What’s Going on in Toxic City?


London EyeLondon Eye
The number of post-apocalytpic young adult novels has exploded in recent years. It’s interesting how genres ebb and flow, and I certainly do my best to try to keep up with what’s popular reading with kids these days. A good friend of mine has a young son right now who is finishing up The Hunger Games series; when I asked him what’s next on his reading list, he drew a blank. Luckily for him, I had just finished the first book in the new Toxic City series from author Tim Lebbon, and I was happy to recommend it.

The book is called London Eye, and it takes place in 2021, two years after a horrific biological attack on London. The city of London has been walled off, keeping in those who somehow managed to survive. Some developed physical mutations that brought with them powers that might or might not be considered beneficial. Others were spared from the deformities of the chemical attack but developed hidden powers. The mutant survivors were deemed a threat to the rest of the world and now a security force patrols the city and its border, looking to capture survivors for experimentation.
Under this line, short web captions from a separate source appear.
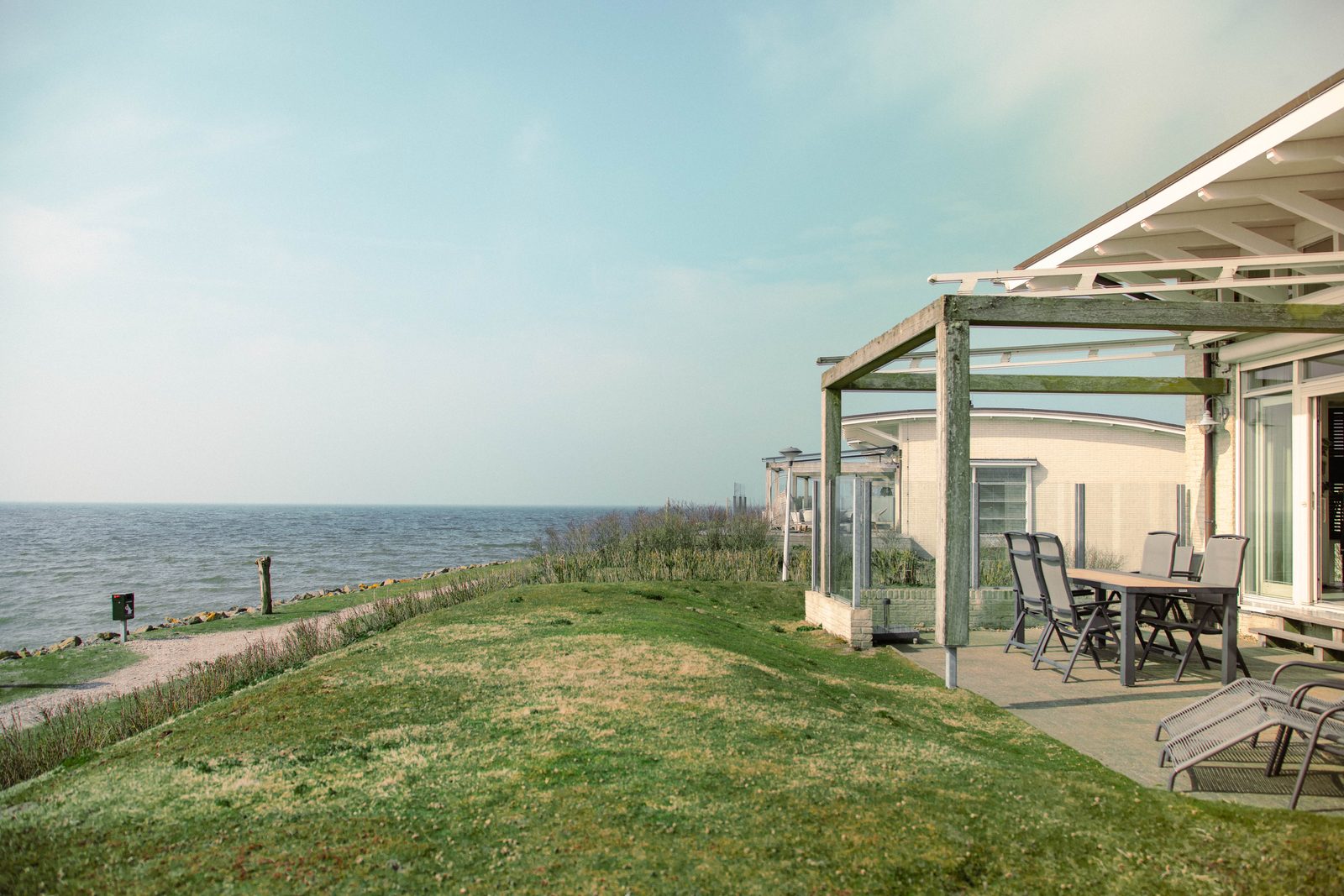 Dijkvilla+ 6 persons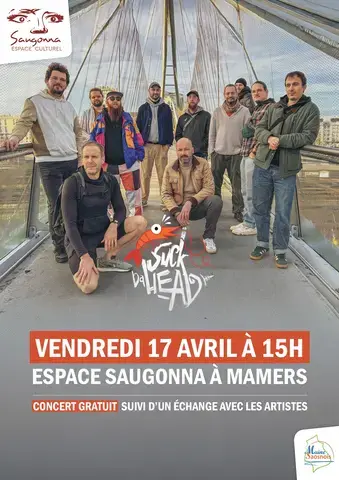 Concert gratuit de Suck Da Head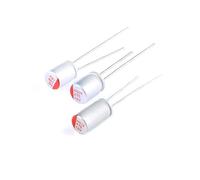 BCOMFY 10 pz Nuovo DIP Condensatore Elettrolitico Solido Polimero Super Low ESR 16 V 47/100/150/220/270/330/470/560/680/820/1000/1500/2200UF(16V680UF 10x12MM)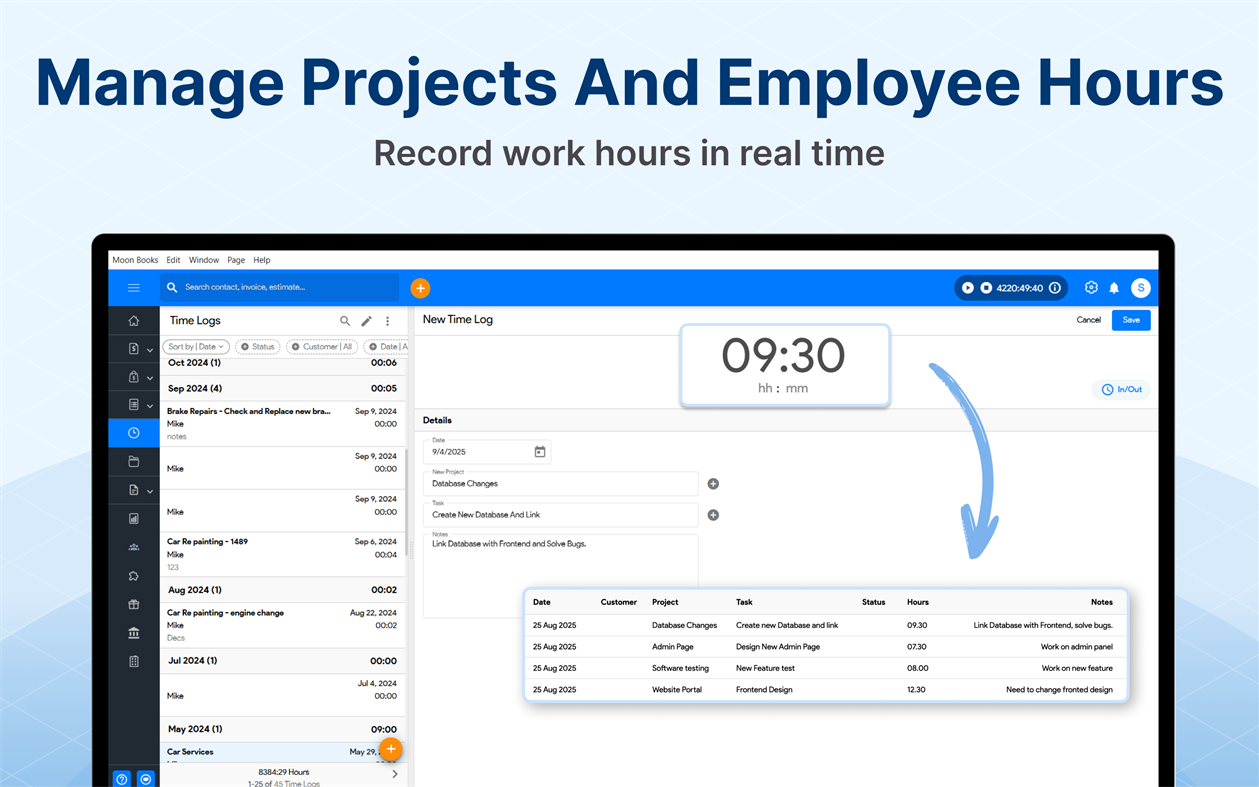 #6. Accounting Software & Bookkeeping By Moon Books (Windows) Podle: Moon Technolabs Pvt. Ltd.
Among those survivors stuck in London are family members of Jack, Lucy-Anne, Sparky, and Jenna. Jack’s mom and dad were unlucky enough to be visiting London at the time of the attack, and now he and his friends spend much of their free time trying to make contact with survivors and collect and share reports with the rest of the outside world about what’s going on inside Toxic City. Rumors and facts are mixed, but all manage to make their way out of London to those with family and friends who are now unreachable.

While there are rumored entrances into the city, Jack and the rest of the group have yet to make any attempt to enter… but then a mysterious woman named Rosemary shows up claiming to be from inside and offering to take the group back with her. She is at first untrusted, but when Jack is mortally wounded and healed by a touch from Rosemary, the group (along with Jack’s younger sister, Emily) decides to take the risk and follow her back to London.

During the trip to London, questions are asked. Lots of questions. Details about the virus (called Evolve) are provided as well as more graphic descriptions of the Choppers and their methods for dealing with the Irregulars, the name those with mutations and powers have given themselves. The kids know about Rosemary’s healing powers, but they meet many more Irregulars with even crazier powers such as Puppeteer and Scryer. They also pick up on whispers of Irregulars who seem to be preparing for a war against the rest of the world, led by someone named Reaper.

As the kids begin to meet more and more of the Irregulars, they are also hunted by the Choppers who have become aware of their intrusion into London. All of them begin to find answers about their family, but they are constantly being kept on the run and unable to grab a moment to ponder any of the secrets that are being unloaded on them. Big secrets. Good and bad secrets.

I often find that first books in a series tend to ask too many questions and provide too few answers. London Eye doesn’t suffer from that issue. Major questions are answered before the book’s end, including key answers about Jack’s mom and dad, Reaper’s intentions, and the mysterious roaming figure called Nomad. The 230-page book offers up just enough answers to encourage finishing it as well as a few twists and new mysteries to ensure that readers will want to learn more.

If you’ve got a YA reader who is looking for a good action adventure with a solid dose of mystery and mutations, they’re sure to enjoy London Eye. It’s a fast read, and that’s probably going to be the major complaint about the book as we all will have to wait anxiously for Book 2! (By the way, the title of the story comes from the location of the impact that released the Evolve virus — the attacker figures directly into the story, so pay attention!)

Note: London Eye, Toxic City Book 1 will be released on October 23, 2012. I’d like to thank Lisa at Pyr for getting me an early review copy.